The authors built a system with four distinct doors (modules). Before a patient can get the "magic ingredient," their case must pass through these four checks. Think of it like a security checkpoint at an airport, but instead of checking for weapons, they are checking for "fixability."

  • Door 1: The Disease Check (Is the recipe broken enough to matter?)

    • The Analogy: Is the broken recipe causing a disaster in the kitchen? Is there already a different tool that fixes it? If the disease is too mild, or if there's already a perfect cure, maybe we don't need this new magic ingredient yet.
    • The Goal: Make sure the disease is serious enough and that this specific tool is the best fit.
  • Door 2: The Lab Check (Do we have a test kitchen?)

    • The Analogy: Before we cook the meal for a real person, can we test it in a small model? Do we have a "mini-kitchen" (lab models) that looks like the patient's body to test if the magic ingredient works?
    • The Goal: If we can't test it in the lab first, it's too risky to try on a human.
  • Door 3: The Patient Check (Is the patient ready?)

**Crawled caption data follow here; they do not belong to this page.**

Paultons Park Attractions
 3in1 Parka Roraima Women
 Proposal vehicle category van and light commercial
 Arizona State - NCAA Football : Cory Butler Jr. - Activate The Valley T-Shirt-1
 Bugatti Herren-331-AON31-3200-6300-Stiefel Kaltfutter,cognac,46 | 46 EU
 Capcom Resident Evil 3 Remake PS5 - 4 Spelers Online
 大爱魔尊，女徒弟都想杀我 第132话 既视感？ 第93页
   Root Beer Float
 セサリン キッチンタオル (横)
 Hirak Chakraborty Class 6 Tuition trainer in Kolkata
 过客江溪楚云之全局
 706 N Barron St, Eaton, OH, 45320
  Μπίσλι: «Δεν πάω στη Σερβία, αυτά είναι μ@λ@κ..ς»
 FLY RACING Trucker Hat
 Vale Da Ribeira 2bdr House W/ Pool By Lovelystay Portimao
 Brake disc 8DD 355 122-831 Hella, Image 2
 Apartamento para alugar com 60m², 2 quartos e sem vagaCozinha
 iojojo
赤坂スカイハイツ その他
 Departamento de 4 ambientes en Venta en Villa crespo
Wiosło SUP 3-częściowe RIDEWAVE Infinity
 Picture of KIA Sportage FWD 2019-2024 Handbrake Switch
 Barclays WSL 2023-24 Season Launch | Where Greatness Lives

    • The Analogy: Is the patient strong enough to handle the cooking process? Are they too sick for the treatment to help, or is the risk too high compared to the benefit?
    • The Goal: Ensure the treatment is safe and actually helpful for this specific person at this specific time.
  • Door 4: The Code Check (Is the typo fixable?)

    • The Analogy: This is where they look at the actual genetic "typo." Is the mistake in a place where our magic ingredient can reach it? Some typos are in the middle of a word (easy to fix), while others are in a part of the book we can't touch.
    • The Goal: Confirm the genetic error is technically solvable.

3. How They Tested It

The team didn't just dream this up; they tested it.

  • The "Gold Standard" Test: They ran their new system against diseases that already have approved drugs. The system correctly said, "Yes, these are good candidates," proving it works for known successes.
  • The "Real World" Test: They applied it to real patients waiting for help.
    • Success Story: For a patient with a specific eye disease, all four doors opened. The system said, "Go ahead, this is a great candidate."
    • The "No" Story: For a patient with a severe brain and bone disease, the system said, "Stop." Even though the disease was serious, the patient was too sick to survive the treatment, or the genetic error was too hard to fix. This "No" was actually a good thing—it saved the patient from a dangerous, useless treatment.

4. Why This Matters

This framework is like a traffic light system for rare diseases.

  • Green Light: "We have the science, the models, and the patient is ready. Let's develop a treatment."
  • Red Light: "We can't fix this yet, or it's too risky. Let's wait or look for other options."
  • Yellow Light: "We need more information before we decide."

The Bottom Line

This paper gives the UK (and the world) a fair, transparent, and repeatable rulebook for deciding who gets life-changing gene therapies. It stops the process from being a "lottery" and turns it into a structured, scientific decision.

It acknowledges that science changes. If we invent a better delivery method tomorrow, a patient who was once "Red Light" might become "Green Light" tomorrow. This system is designed to be updated, ensuring that as our technology gets better, we can help more people, faster, and more fairly.